VPN's are *very* picky and the settings on the server and client must match. You need to tell the Shrewsoft VPN what network it will be connecting to. It looks like your inside network is 11.22.33.0/24 (255.255.255.0) so that's what you'd configure in the Shrewsoft VPN client.

pgordon · 26 Dec 2009

To answer your earlier question, I am not able to ping any computer or printer inside the router.

I want to make sure I understand: The "VPN Client" is my home computer. Correct? Whereas the "Shrewsoft VPN Client" is something different?
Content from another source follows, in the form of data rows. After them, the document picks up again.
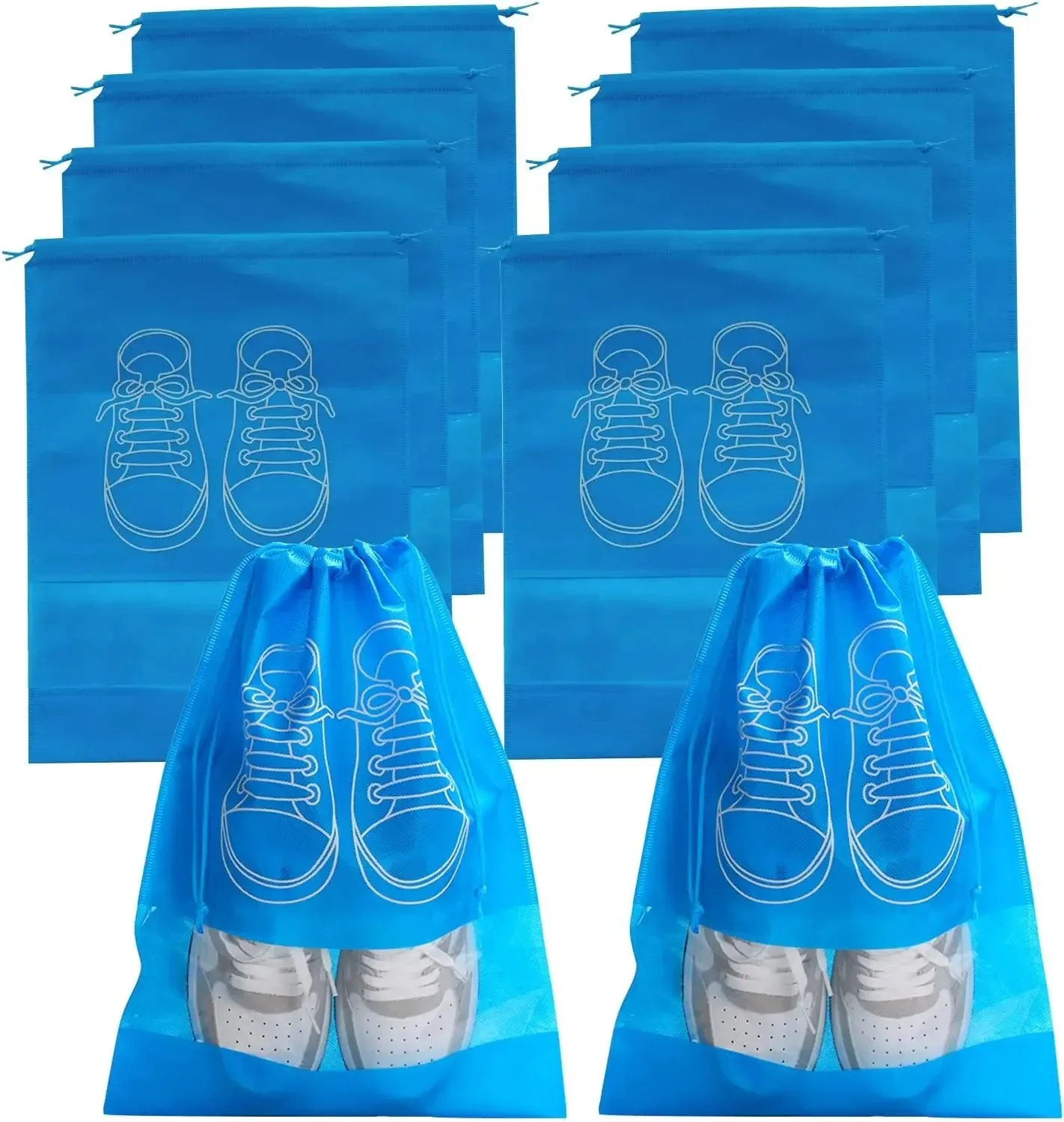 Shoe Storage Bags 5pcs/set Thickened Non-woven Fabric Strap Mouth Large Capacity Travel Waterproof Moistureproof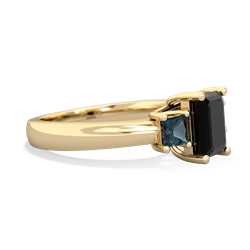 Onyx Three Stone Emerald-Cut Trellis 14K Yellow Gold ring R4021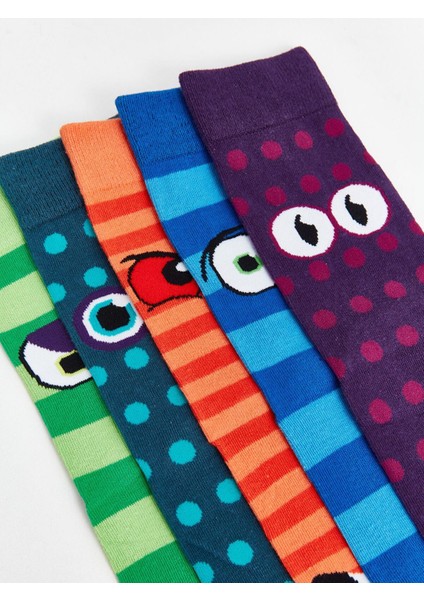 Lcw Accessorıes Baskılı Erkek Soket Çorap 5'li modelleri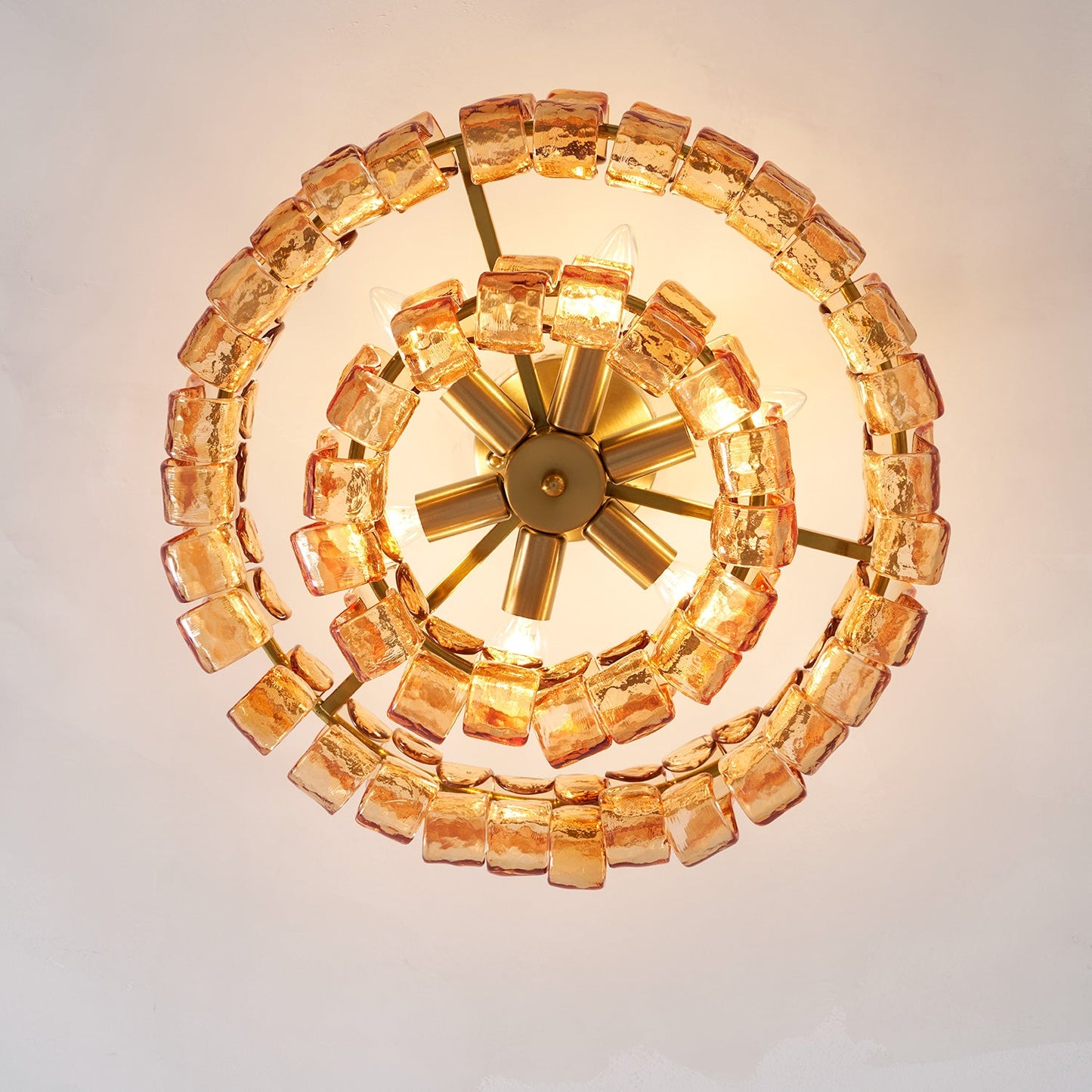 Ice-Textured Glass Round Flush Mount Ceiling Light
Also, I don't understand "/24" in your description of the network as "11.22.33.0/24 (Subnet Mask 255.255.255.0)." I just looked at the configurations for the Shrew Soft connection. I'm not sure which setting should be changed. Here are some possibilities:

Local Host Address
DNS Server Address
Maintain Persistent Security Associations (Topology entry)

RedBirdDad · 26 Dec 2009

The VPN client would be the Shrewsoft VPN software on your home PC.

Sorry, the "/24" refers to the subnet mask: 255.255.255.0 which is a 24 bit mask.

There should be something in the Shrewsoft setup that tells it what remote network it's to connect to. Not to be confused with the router's outside address. It's the inside network where the router will send the packets from your home PC. Remember, the VPN is a tunnel. The tunnel itself terminates at the router's outside interface but packets *inside* the tunnel need to get to the inside interface.